== Segment start ==

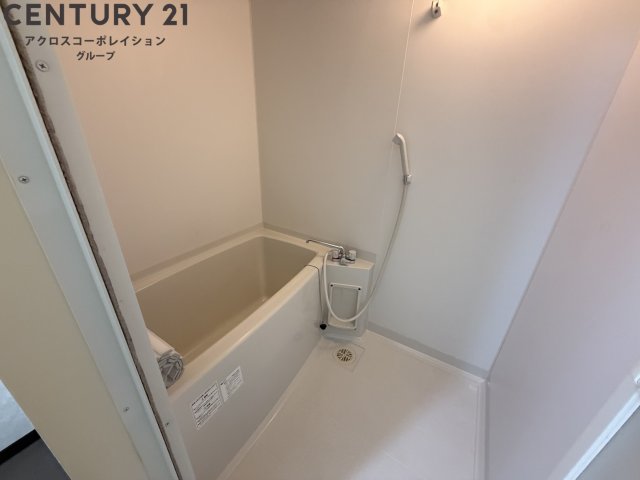 バス・シャワールーム　シンプルで機能的なユニットバスです！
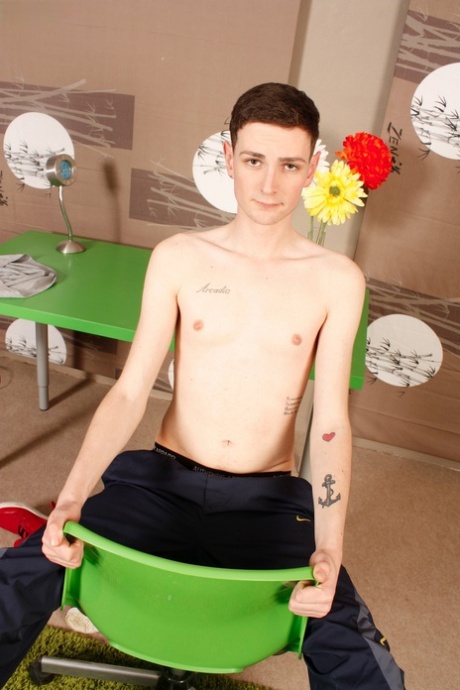 homoseksuel gloryhole i nærheden af ​​mig kunst xxx Foto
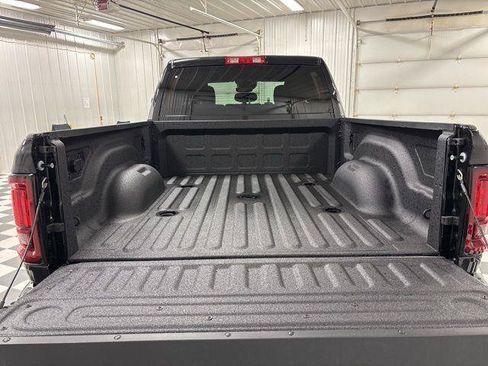 New 2026 RAM 2500 Big Horn AWD/4WD image 36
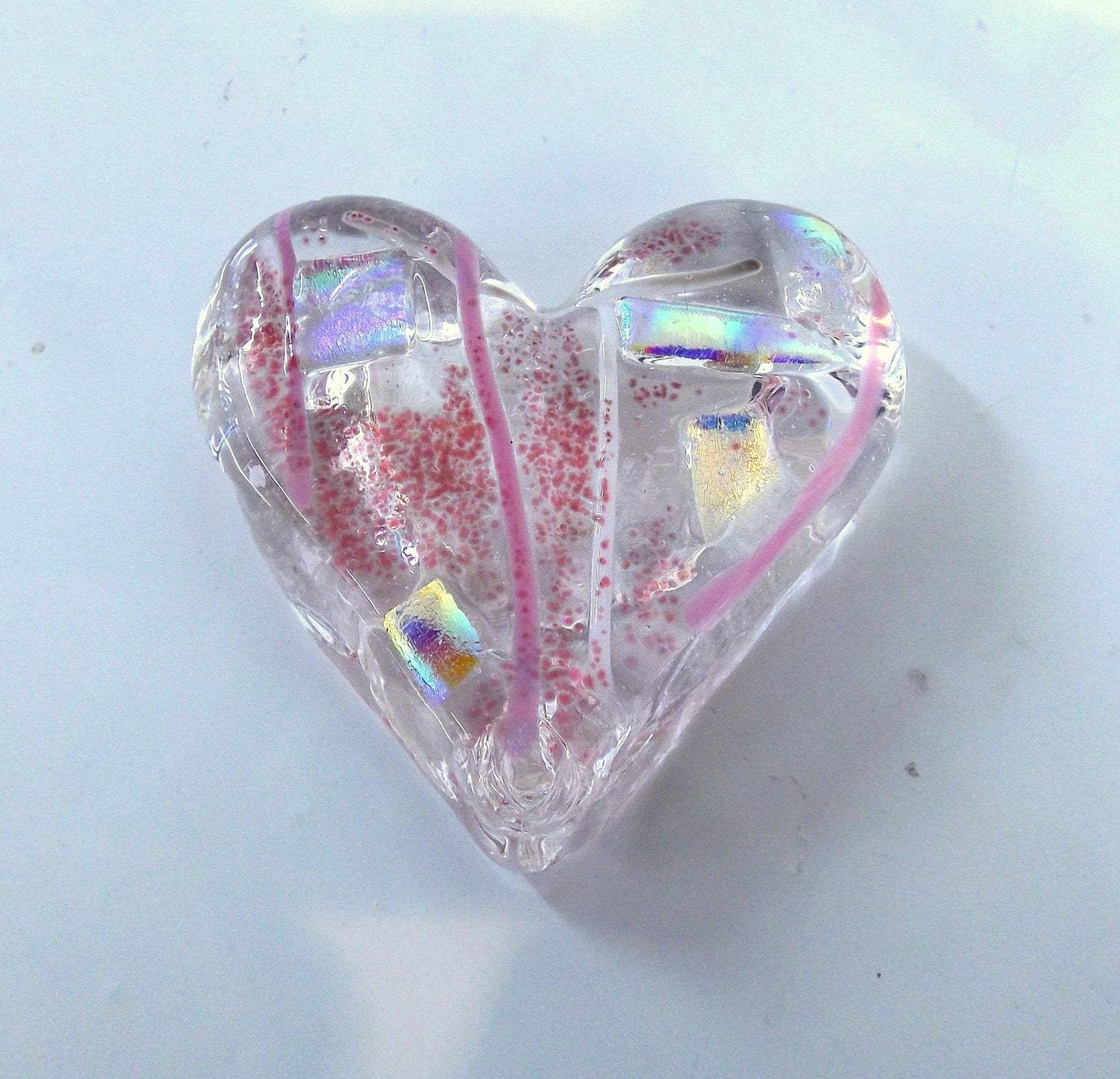 Art Glass CRYSTAL HEART PAPERWEIGHT Threaded Dichro Oregon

== Segment end ==

- WHAT YOU WILL DO -
Write the listing out again in full and unchanged, minus any pictures.

- ANSWER TO THIS EXERCISE -
 バス・シャワールーム　シンプルで機能的なユニットバスです！
 homoseksuel gloryhole i nærheden af ​​mig kunst xxx Foto
 New 2026 RAM 2500 Big Horn AWD/4WD image 36
 Art Glass CRYSTAL HEART PAPERWEIGHT Threaded Dichro Oregon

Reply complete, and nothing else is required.